Research Projects
ANTIDOTE: Argumentation-driven explainable artificial intelligence for digital medicine

Providing high quality explanations for AI predictions based on machine learning is a challenging and complex task. To work well it requires, among other factors: selecting a proper level of generality/specificity of the explanation; considering assumptions about the familiarity of the explanation beneficiary with the AI task under consideration; referring to specific elements that have contributed to the decision; making use of additional knowledge (e.g. metadata) which might not be part of the prediction process; selecting appropriate examples; providing evidence supporting negative hypothesis. Finally, the system needs to formulate the explanation in a clearly interpretable, and possibly convincing, way.

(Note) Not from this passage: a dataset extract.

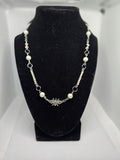 White, Clear Rhinestone Bar, Metal Daisy Charm Necklace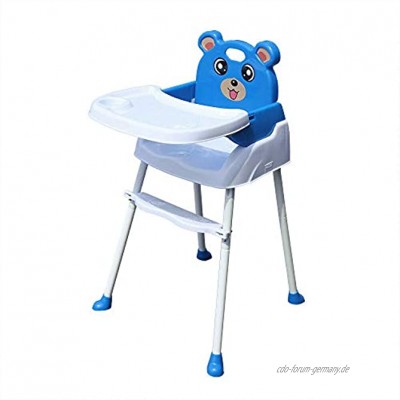 4 in 1 Kinderhochstuhl Baby Essstuhl Sitzerhöhung Treppenhochstuhl Klappbar Blau Hochstuhl Säuglingstisch Höhenverstellbar Gewichtskapazität 35 lbs mit Tablett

Given these considerations, ANTIDOTE fosters an integrated vision of explainable AI, where low level characteristics of the deep learning process are combined with higher level schemas proper of the human argumentation capacity. The ANTIDOTE integrated vision is supported by three considerations: (i) in neural architectures the correlation between internal states of the network (e.g., weights assumed by single nodes) and the justification of the network classification outcome is not well studied; (ii) high quality explanations are crucially based on argumentation mechanisms (e.g., provide supporting examples and rejected alternatives), that are, to a large extent, task independent; (iii) in real settings, providing explanations is inherently an interactive process, where an explanatory dialogue takes place between the system and the user. Accordingly, ANTIDOTE will exploit cross disciplinary competences in three areas, i.e., deep learning, argumentation and interactivity, to support a broader and innovative view of explainable AI. Although we envision a general integrated approach to explainable AI, we will focus on a number of deep learning tasks in the medical domain, where the need for high quality explanations for clinical cases deliberation is critical.